# Phenotype prediction Hands-on session

## Exercise 7

For this practical session, we will be using the following model:
- _E. coli_ core model which contains the central carbon metabolism of _Escherichia coli_ -> file: ../data/e_coli_core.xml

This exercise consists of searching for potential candidate genes whose knock out would lead to increased Ethanol production. Thus, the following steps will be followed:
- Loading the model with COBRApy;
- Perform a FBA simulation using an anaerobic medium;
- Load the escher map with the FBA simulation to visualize the flux distribution;
- Identify potential reaction targets;
- Determine the essential genes of the model;
- Check the target reaction GPRs for essential genes;
- Perform the gene knock outs;

In [1]:
# importing cobra
import cobra

# Loading a model
model_path = '../data/e_coli_core.xml'
model = cobra.io.read_sbml_model(model_path)

model

0,1
Name,e_coli_core
Memory address,0x01e7a980d100
Number of metabolites,72
Number of reactions,95
Number of groups,0
Objective expression,1.0*BIOMASS_Ecoli_core_w_GAM - 1.0*BIOMASS_Ecoli_core_w_GAM_reverse_712e5
Compartments,"extracellular space, cytosol"


### Phenotype Simulation

By deafault, the environmental condictions of the _E. coli_ core model represent an aerobic medium. However, for _E. coli_ to produce ethanol, an anaerobic medium must be simulated. Hence, the first step of this exercise is to stop the Oxygen supply, by changing the lower bound of the o2 drain to zero. 

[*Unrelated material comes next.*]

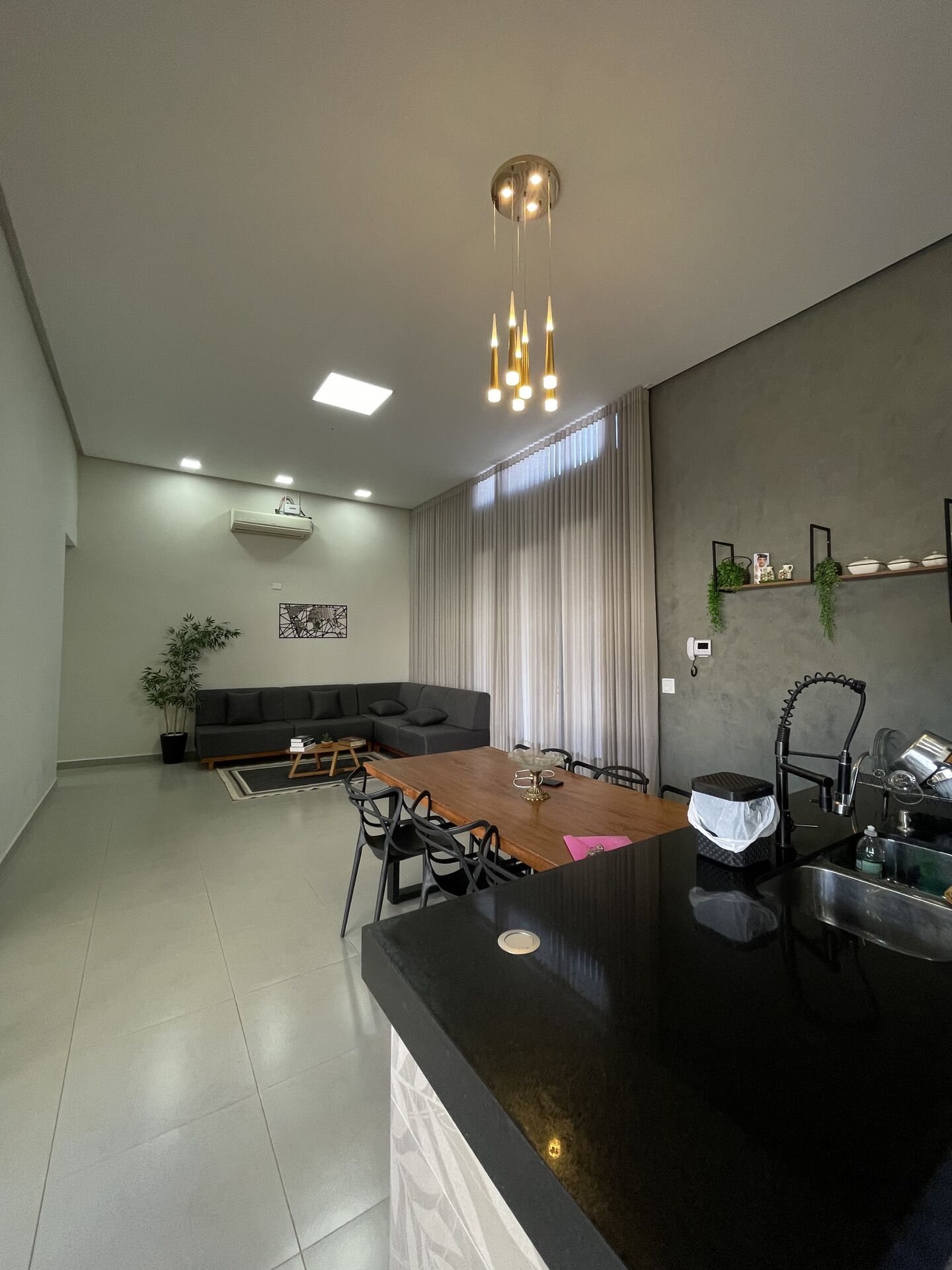Casa à venda com 3 quartos, 207m² - Foto 4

Following that, a standard FBA simulation can be performed with the goal of maximizing biomass production.

In [2]:
#setting the environmental conditions to replicate an anaerobic medium
o2 = model.reactions.get_by_id('EX_o2_e')
o2.bounds = (0,1000)
o2

0,1
Reaction identifier,EX_o2_e
Name,O2 exchange
Memory address,0x01e7de241fd0
Stoichiometry,o2_e -->  O2 O2 -->
GPR,
Lower bound,0
Upper bound,1000


In [3]:
#performing a FBA simulation
wt_solution = model.optimize()
wt_solution

Unnamed: 0,fluxes,reduced_costs
PFK,9.789459,2.602085e-18
PFL,17.804674,0.000000e+00
PGI,9.956609,0.000000e+00
PGK,-19.437336,-0.000000e+00
PGL,0.000000,0.000000e+00
...,...,...
NADH16,0.000000,-5.538015e-03
NADTRHD,0.000000,-1.107603e-02
NH4t,1.154156,0.000000e+00
O2t,0.000000,0.000000e+00


### Metabolic Pathway Visualization

Now that the environmental conditions were contrained and the model simulated with FBA, one can run the `escher.Builder` method to obtain the escher map of the _E. coli_ core model. This will help the user to better visualize the flux distribution of the model, thus, making it simppler to manually detect any reaction that is deflecting flux from ethanol production.

In [4]:
# first import escher
import escher

In [5]:
# create the builder object wich contains the metabolic map
builder = escher.Builder(map_name='e_coli_core.Core metabolism', model=model, reaction_data=wt_solution.fluxes)
builder

Downloading Map from https://escher.github.io/1-0-0/6/maps/Escherichia%20coli/e_coli_core.Core%20metabolism.json


Builder(reaction_data={'PFK': 9.789458863898286, 'PFL': 17.804674217935304, 'PGI': 9.95660909530426, 'PGK': -1…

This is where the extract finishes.